### What the task asks
Read through the listing and copy every line that contains the word "Piece".

### Data supplied
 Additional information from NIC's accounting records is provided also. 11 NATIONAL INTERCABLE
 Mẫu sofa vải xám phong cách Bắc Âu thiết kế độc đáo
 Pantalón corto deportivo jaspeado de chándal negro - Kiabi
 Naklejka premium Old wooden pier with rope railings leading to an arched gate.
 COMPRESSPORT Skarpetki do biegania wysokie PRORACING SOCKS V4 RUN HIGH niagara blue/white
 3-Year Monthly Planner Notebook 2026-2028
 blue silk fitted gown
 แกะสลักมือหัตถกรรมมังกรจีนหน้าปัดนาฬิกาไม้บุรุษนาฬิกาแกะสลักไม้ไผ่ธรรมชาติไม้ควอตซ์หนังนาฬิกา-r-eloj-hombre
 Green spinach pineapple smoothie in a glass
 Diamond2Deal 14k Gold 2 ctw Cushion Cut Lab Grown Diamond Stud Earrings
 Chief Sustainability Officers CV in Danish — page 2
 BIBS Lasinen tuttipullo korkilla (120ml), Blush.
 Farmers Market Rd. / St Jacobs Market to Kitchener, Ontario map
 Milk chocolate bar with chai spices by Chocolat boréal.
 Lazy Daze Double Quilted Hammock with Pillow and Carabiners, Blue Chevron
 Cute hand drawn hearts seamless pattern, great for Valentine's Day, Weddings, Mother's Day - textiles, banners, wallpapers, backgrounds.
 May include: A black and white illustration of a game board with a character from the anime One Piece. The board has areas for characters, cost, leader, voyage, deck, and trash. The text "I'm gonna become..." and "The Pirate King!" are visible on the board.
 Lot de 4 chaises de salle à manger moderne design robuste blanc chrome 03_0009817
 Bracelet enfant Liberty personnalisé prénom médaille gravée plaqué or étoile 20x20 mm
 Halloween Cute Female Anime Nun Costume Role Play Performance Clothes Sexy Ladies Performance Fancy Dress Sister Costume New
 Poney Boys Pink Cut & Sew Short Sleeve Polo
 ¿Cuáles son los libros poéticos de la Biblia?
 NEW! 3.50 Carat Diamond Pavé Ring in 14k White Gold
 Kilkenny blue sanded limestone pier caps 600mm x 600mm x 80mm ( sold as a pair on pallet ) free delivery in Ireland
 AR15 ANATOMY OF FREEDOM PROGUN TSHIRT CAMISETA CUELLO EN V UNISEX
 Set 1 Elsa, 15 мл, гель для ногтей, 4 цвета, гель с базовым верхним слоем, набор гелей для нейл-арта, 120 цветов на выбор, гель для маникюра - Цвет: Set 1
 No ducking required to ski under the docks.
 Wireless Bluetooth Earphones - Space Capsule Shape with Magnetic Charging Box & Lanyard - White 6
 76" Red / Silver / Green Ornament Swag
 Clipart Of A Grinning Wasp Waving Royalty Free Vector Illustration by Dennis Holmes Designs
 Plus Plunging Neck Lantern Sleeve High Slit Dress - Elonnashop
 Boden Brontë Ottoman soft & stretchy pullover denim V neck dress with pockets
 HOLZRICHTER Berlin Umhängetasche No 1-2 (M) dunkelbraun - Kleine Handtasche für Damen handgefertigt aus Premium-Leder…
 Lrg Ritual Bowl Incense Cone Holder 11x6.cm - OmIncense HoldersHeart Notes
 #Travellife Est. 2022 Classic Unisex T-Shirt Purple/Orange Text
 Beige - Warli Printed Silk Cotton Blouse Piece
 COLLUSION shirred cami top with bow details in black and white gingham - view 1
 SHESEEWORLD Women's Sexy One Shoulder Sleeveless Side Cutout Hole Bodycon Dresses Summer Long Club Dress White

### Response area
 May include: A black and white illustration of a game board with a character from the anime One Piece. The board has areas for characters, cost, leader, voyage, deck, and trash. The text "I'm gonna become..." and "The Pirate King!" are visible on the board.
 Beige - Warli Printed Silk Cotton Blouse Piece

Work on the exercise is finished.